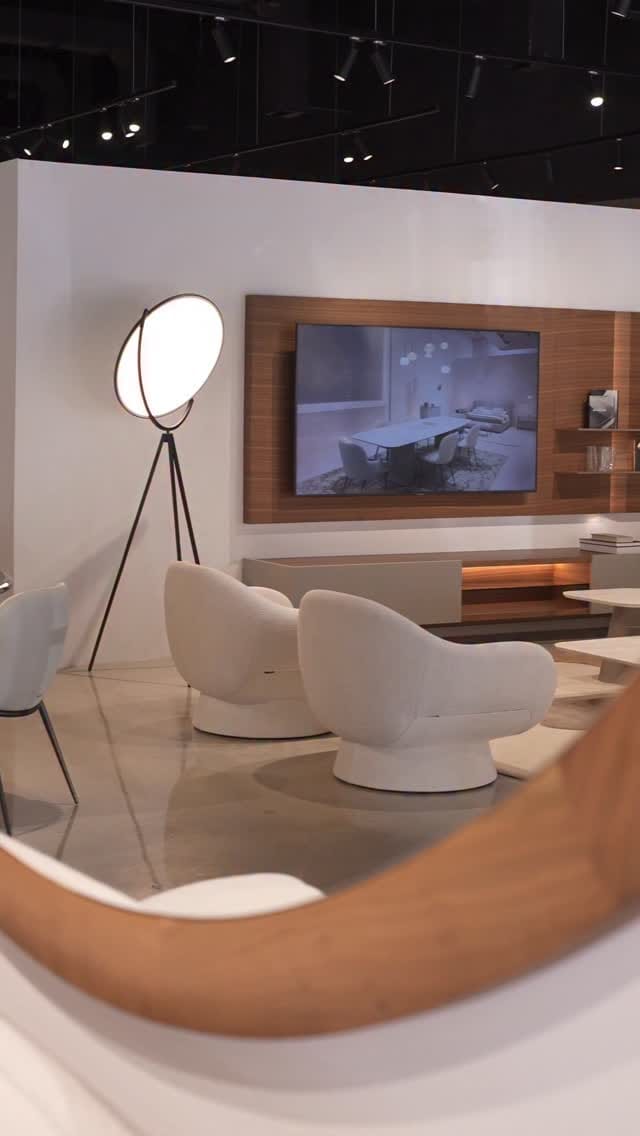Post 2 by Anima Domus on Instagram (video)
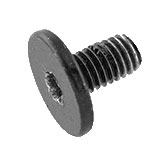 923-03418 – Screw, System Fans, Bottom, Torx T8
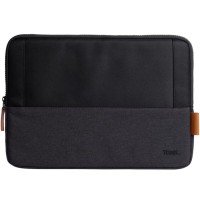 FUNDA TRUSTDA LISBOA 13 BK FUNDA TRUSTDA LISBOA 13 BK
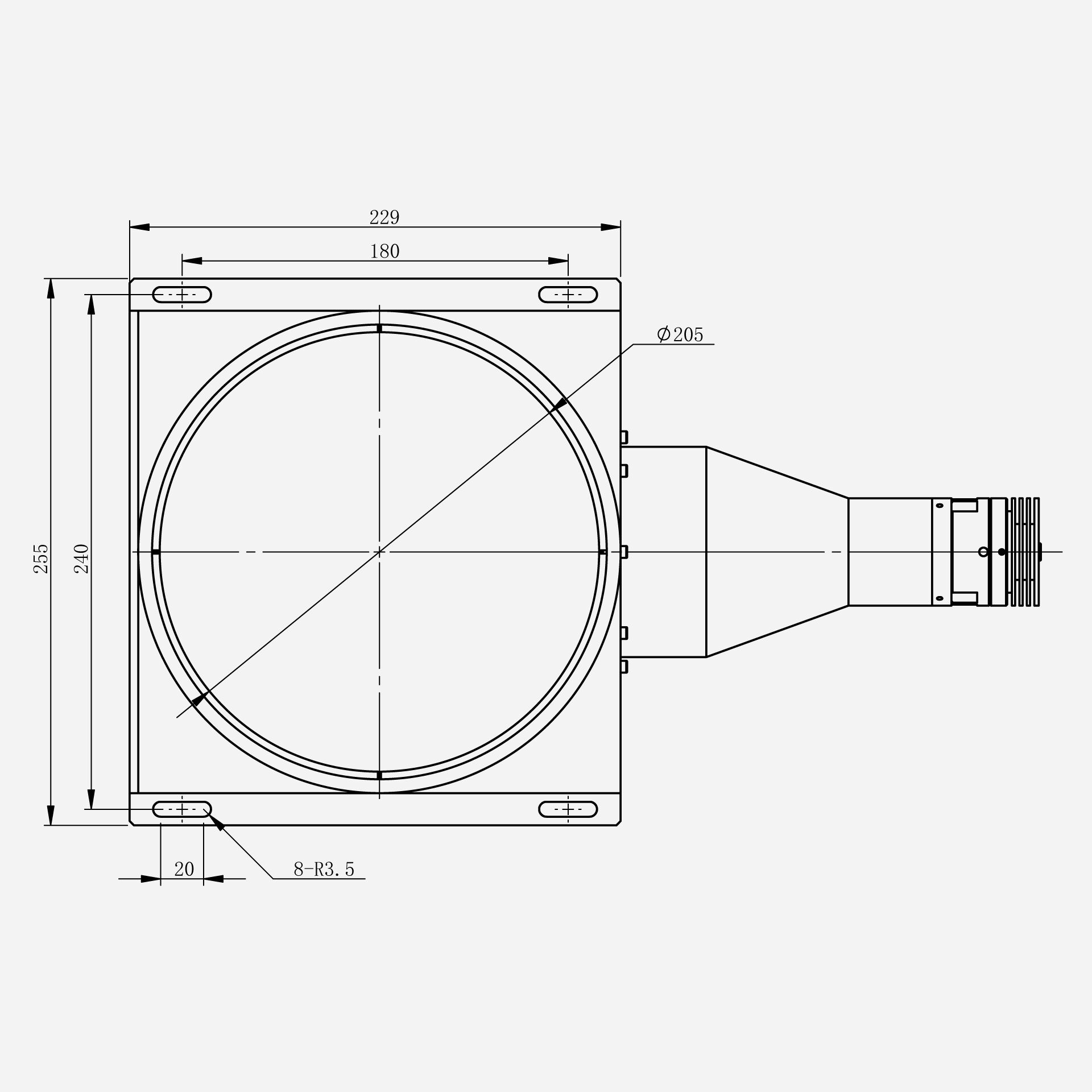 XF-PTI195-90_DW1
...
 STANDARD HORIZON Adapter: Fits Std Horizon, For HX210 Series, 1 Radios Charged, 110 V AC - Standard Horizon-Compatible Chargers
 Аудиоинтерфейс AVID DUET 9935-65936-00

EXERCISE DESCRIPTION
Given the listing above, retype only the span of lines from the line with "FUNDA TRUSTDA LISBOA 13 BK FUNDA" up to and including the line with "XF-PTI195-90_DW1", exactly as it stands and without pictures.

WRITTEN SOLUTION
 FUNDA TRUSTDA LISBOA 13 BK FUNDA TRUSTDA LISBOA 13 BK
 XF-PTI195-90_DW1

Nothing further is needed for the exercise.